• _REQUIRED ACTION_:
In the records below, find the line containing "All-In-One Glue/Sealer/Finish (Gloss), 4oz"; copy exactly that line and all lines after it to the end, and nothing else.

• _PROVIDED MATERIAL_:
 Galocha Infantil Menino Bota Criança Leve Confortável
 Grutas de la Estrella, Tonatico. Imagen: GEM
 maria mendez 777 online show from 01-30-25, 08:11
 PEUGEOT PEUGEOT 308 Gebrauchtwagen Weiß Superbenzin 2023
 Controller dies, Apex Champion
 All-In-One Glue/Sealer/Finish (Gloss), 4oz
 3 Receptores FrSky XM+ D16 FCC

• _TASK ANSWER_:
 All-In-One Glue/Sealer/Finish (Gloss), 4oz
 3 Receptores FrSky XM+ D16 FCC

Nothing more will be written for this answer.